Взоры его оторвались от внутренних экзистенциальных картин и скользнули вдоль улицы. Прямо посередине проезжей части – женщина неопределенного возраста и весьма странного вида. Слегка заплетающимся шагом, что могло свидетельствовать о некоторой степени опьянения – да и початая наполовину бутылка вина в висящей руке тому подтверждение, – босая, в коротком черном платьице, она медленно двигалась посреди дороги, не обращая ни малейшего внимания на нескольких глазеющих вослед ей зевак, в число коих попал и Фёдор.
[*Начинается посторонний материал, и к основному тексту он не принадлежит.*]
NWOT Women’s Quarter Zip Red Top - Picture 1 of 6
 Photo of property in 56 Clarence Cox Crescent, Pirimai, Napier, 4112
Человека, пожившего в Европе даже немного времени, трудно удивить диковинными людьми – бомжами, попрошайками, затейниками – зарабатывающими на хлеб насущный кто необычным внешним видом, кто разнообразными фокусами, так что, бросив взгляд в сторону пьяненькой босячки, можно было двинуться дальше. Но, черт побери, Фёдор Михайлович никак не мог оторвать от нее внимание, да что там внимание – с удивлением он обнаружил, что ноги вот уже минуту несут его вослед за ней, вместо того чтобы перейти улицу и продолжать унылое течение в сторону ресторана.